Setup kubectl on your laptop / workstation

macOS

brew install kubernetes-cli

Ubuntu

sudo apt-get update && sudo apt-get install -y apt-transport-https
curl -s https://packages.cloud.google.com/apt/doc/apt-key.gpg | sudo apt-key add -
echo "deb https://apt.kubernetes.io/ kubernetes-xenial main" | sudo tee -a /etc/apt/sources.list.d/kubernetes.list
sudo apt-get update
sudo apt-get install -y kubectl

CentOS

cat <<EOF > /etc/yum.repos.d/kubernetes.repo
[kubernetes]
name=Kubernetes
baseurl=
https://packages.cloud.google.com/yum/repos/kubernetes-el7-x86_64
enabled=1
gpgcheck=1
repo_gpgcheck=1
gpgkey=
https://packages.cloud.google.com/yum/doc/yum-key.gpg https://packages.cloud.google.com/yum/doc/rpm-package-key.gpg
EOF

yum install -y kubectl

Setup a proxy to your workstation

Create a ~/.kube directory on your laptop and then scp the ~/.kube/config file from the k8s (Kubernetes) master to your ~/.kube directory.

Then get the authentication token you need to connect to the dashboard:

kubectl -n kube-system describe secret $(kubectl -n kube-system get secret | grep k8s-admin | awk '{print $1}')

Store this token somewhere safe but readily accessible; you’ll need it (frequently) to access the Kubernetes dashboard. Now start the proxy:

kubectl proxy

Now open the dashboard by going to:
http://localhost:8001/api/v1/namespaces/kube-system/services/https:kubernetes-dashboard:/proxy/

You should see the dialog above. Select ‘Token’ and then copy-paste the token from the prior step and sign in. Hopefully that was a success!


Setup Your Minion Nodes

# Setup your firewall settings
#sudo firewall-cmd --zone=public --add-port=10250/tcp --permanent # Kubelet API
#
sudo firewall-cmd --zone=public --add-port=30000-32767/tcp --permanent # NodePort Services
#
sudo firewall-cmd --reload
# For sanity, we'll just disable the firewall. Once you know exactly what services you want you can expose desired ports via firewall-cmd.
systemctl
disable firewalld --now # Disable the firewall

# Now paste the kubeadm join command from the kubeadm init command on master
sudo kubeadm join <master-cluster-ip>:6443 --token <something.token> --discovery-token-ca-cert-hash sha256:<hash>

Note that the join command output from the init command expires. If that happened to you, you can regenerate a new join command by going to your k8s master and typing this:

sudo kubeadm token create --print-join-command

Repeat the steps for every single node you wish to add to the cluster. Note that the join command will be the same for every node.


Installing Helm

Helm is like a package manager for Kubernetes. It will allow you to deploy a pre-packaged set of Kubernetes objects as a set, and you can even then remove the name set just as easily. For example, helm is what we’ll use to install StorageOS. To install helm, just run the following on your workstation:

macOS

brew install kubernetes-helm
helm init

Linux

The Snap package for Helm is maintained by Snapcrafters.

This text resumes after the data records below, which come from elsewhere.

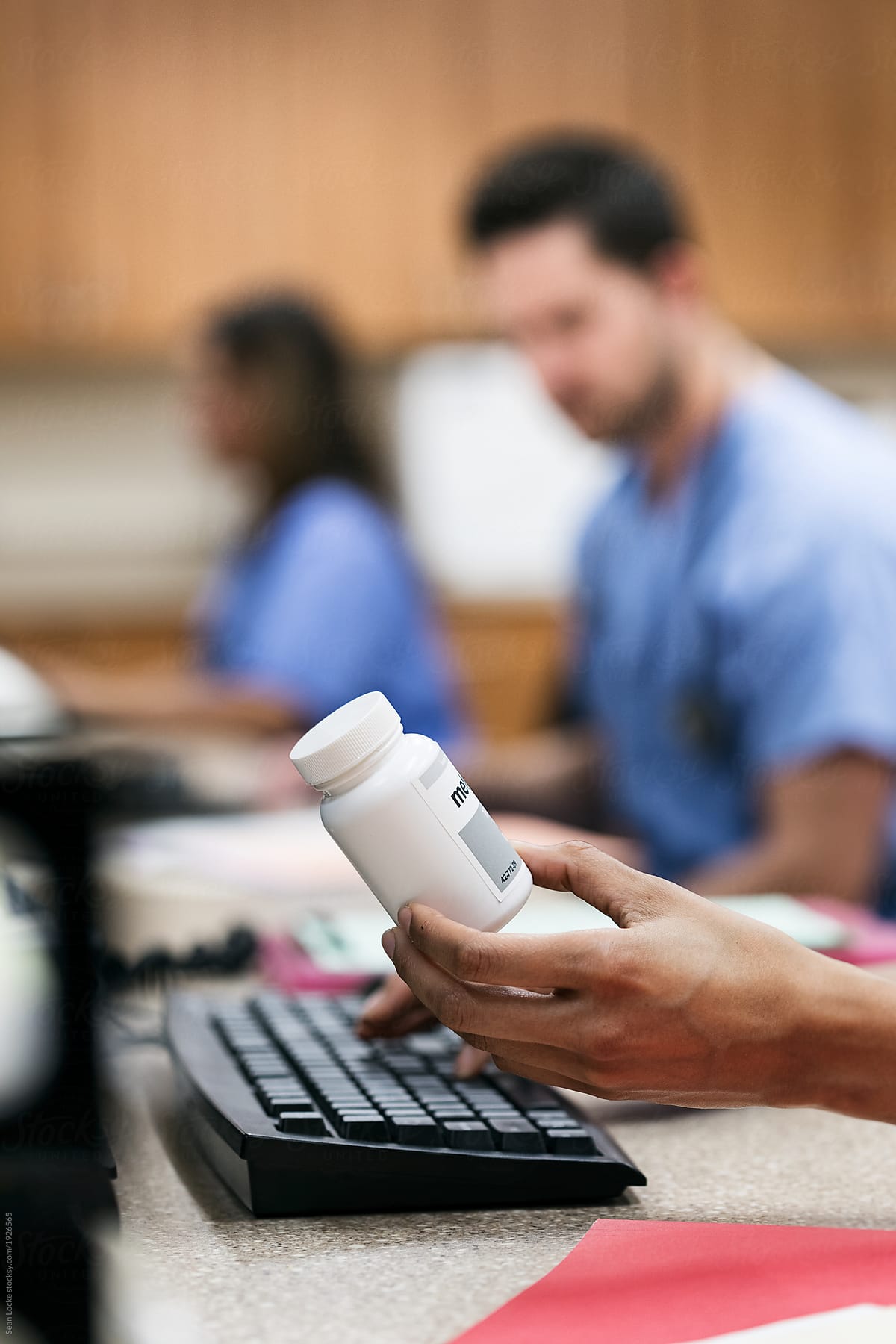 Clinic: Anonymous Tech Holding Pill Bottle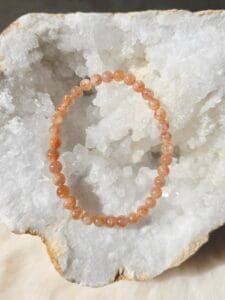 Bracelet en perles naturelles de pierre de soleil 6 mm posé sur une géode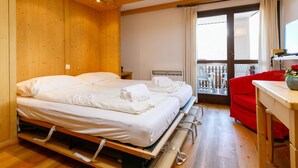 Una habitación con dos camas, un sofá rojo, una mesita con un jarrón y un balcón con sillas.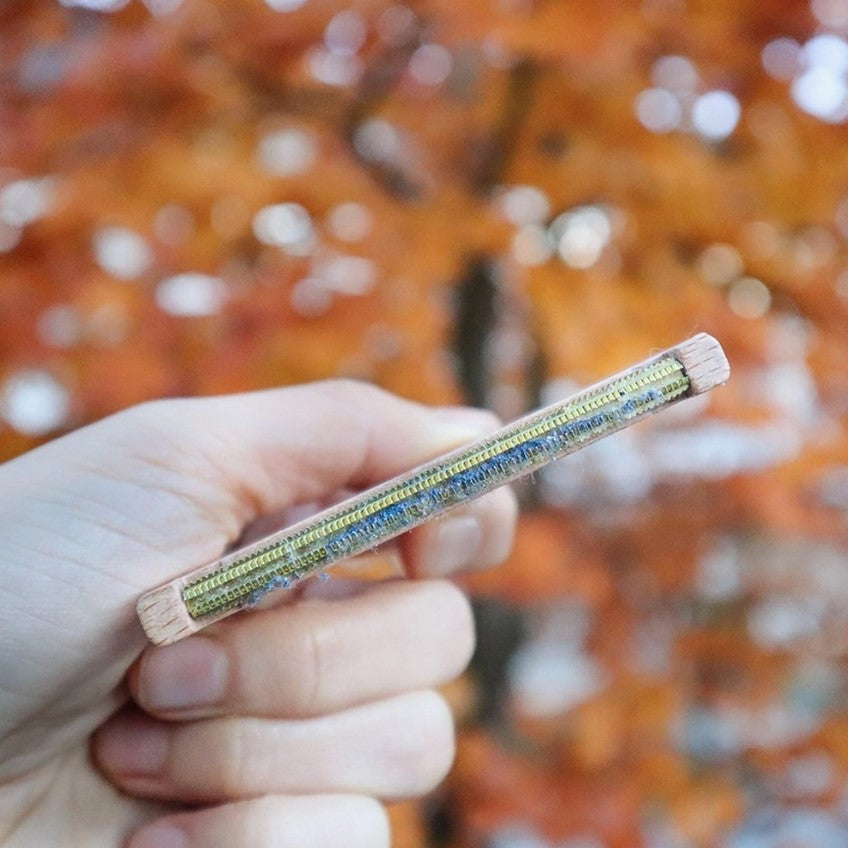 Close-up of the Plantish Wooden Lint Remover's textured rubber cleaning surface with visible wood grain handle detail
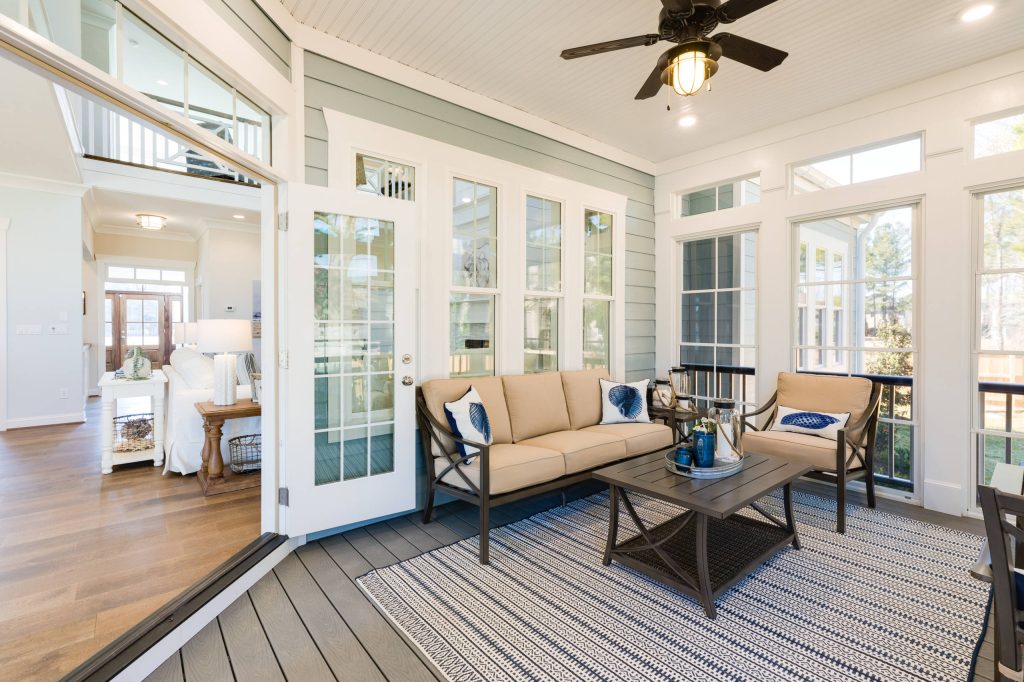 Beach style back porch photo in Other with decking and a roof extension by Stephen Alexander Homes & Neighborhoods | Outdoor Photos | Porch | Landscaping | Landscape Design | Outdoor Living Space | Porch Design Ideas | Outdoor Living Space Ideas | Backyard Design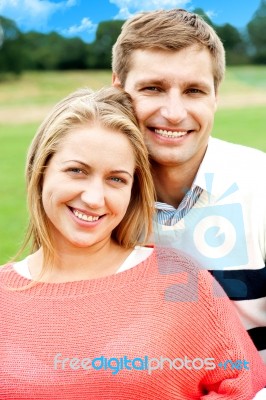 Smiling Young Couple In Outdoor Stock Photo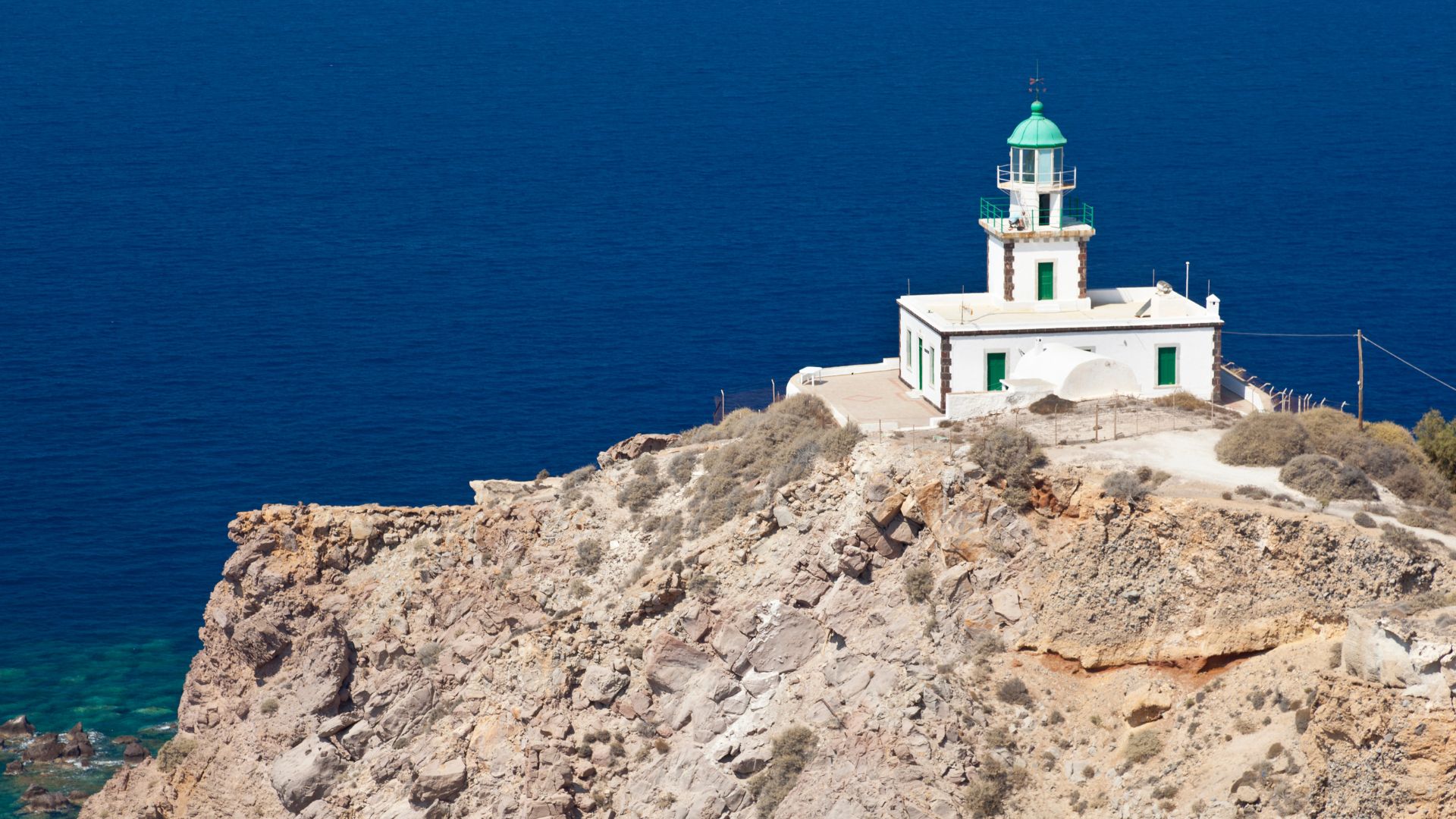 A white lighthouse sits atop a rocky cliff overlooking the blue sea on a sunny day.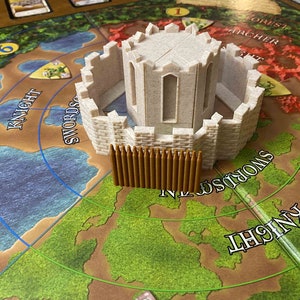 May include: A board game with a castle and wooden fence pieces. The castle is light beige with a circular design and arched windows. The game board features a map with text that reads "Knight", "Swords", and "Archer".
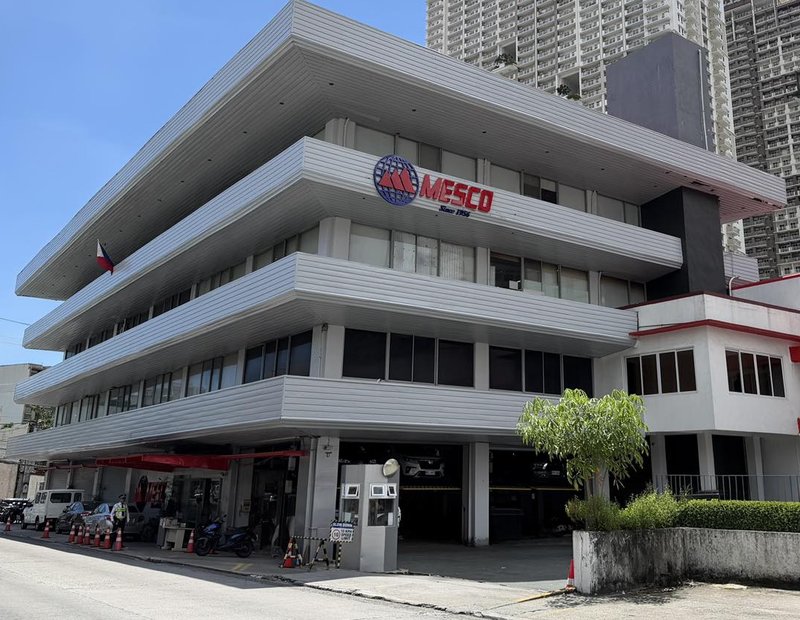 The MESCO building in Pasig today: a three-tier white facade with the MESCO logo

sudo snap install helm --classic

Installing StorageOS

We will use helm to install storageos. In the command below, replace node1–3 with the hostnames of each of your nodes:

helm install storageos/storageos --name=storageos --namespace=storageos --set cluster.join="node1\,node2\,node3"
ClusterIP=$(kubectl get svc/storageos --namespace storageos -o custom-columns=IP:spec.clusterIP --no-headers=true)
ApiAddress=$(echo -n "tcp://$ClusterIP:5705" | base64)
kubectl patch secret/storageos-api --namespace storageos --patch "{\"data\": {\"apiAddress\": \"$ApiAddress\"}}"

Now we need to create a new Kubernetes StorageClass based on StorageOS that we will use for all our PersistentVolume objects. For this one, let’s use the Kubernetes dashboard to see how we can deploy objects through that:

Start your proxy:

kubectl proxy

Go to http://localhost:8001/api/v1/namespaces/kube-system/services/https:kubernetes-dashboard:/proxy. If you haven’t recently logged in, you’ll see the following screen again:

Again, copy-paste the token you saved earlier. If you lost it, just run the following again:

kubectl -n kube-system describe secret $(kubectl -n kube-system get secret | grep k8s-admin | awk '{print $1}')

Once logged-in, press the “+ CREATE” button on the top-right of the dashboard:

Now in the Create from Text Input screen, enter the following and press the Upload button:

kind: StorageClass
apiVersion: storage.k8s.io/v1
metadata:
name: fast
provisioner: kubernetes.io/storageos
parameters:
pool: default
description: Kubernetes volume
fsType: ext4
adminSecretNamespace: default
adminSecretName: storageos-secret

Note that in the StorageClass above, I call it ‘fast’ because the storage system on my cluster is all SSDs. If that’s not true for you or if you have a mix, it is best to create a StorageClass for each type of storage and name it appropriately.

Finally, let’s go back to the terminal and make the new StorageClass we made as the default one, so that subsequent deployments that need storage classes don’t have to explicitly know about it:

kubectl patch storageclass fast -p '{"metadata":{"annotations":{"storageclass.kubernetes.io/is-default-class":"true"}}}'

That completes the StorageOS installation. There is also a StorageOS dashboard, which you can access by running the following:

kubectl --namespace storageos port-forward svc/storageos 5705

Now just visit http://localhost:5705. Default username and password should be ‘storageos/storageos’:

That’s it! Our cluster is now ready to use. Next up, we’ll deploy a monitoring solution on top of our new cluster.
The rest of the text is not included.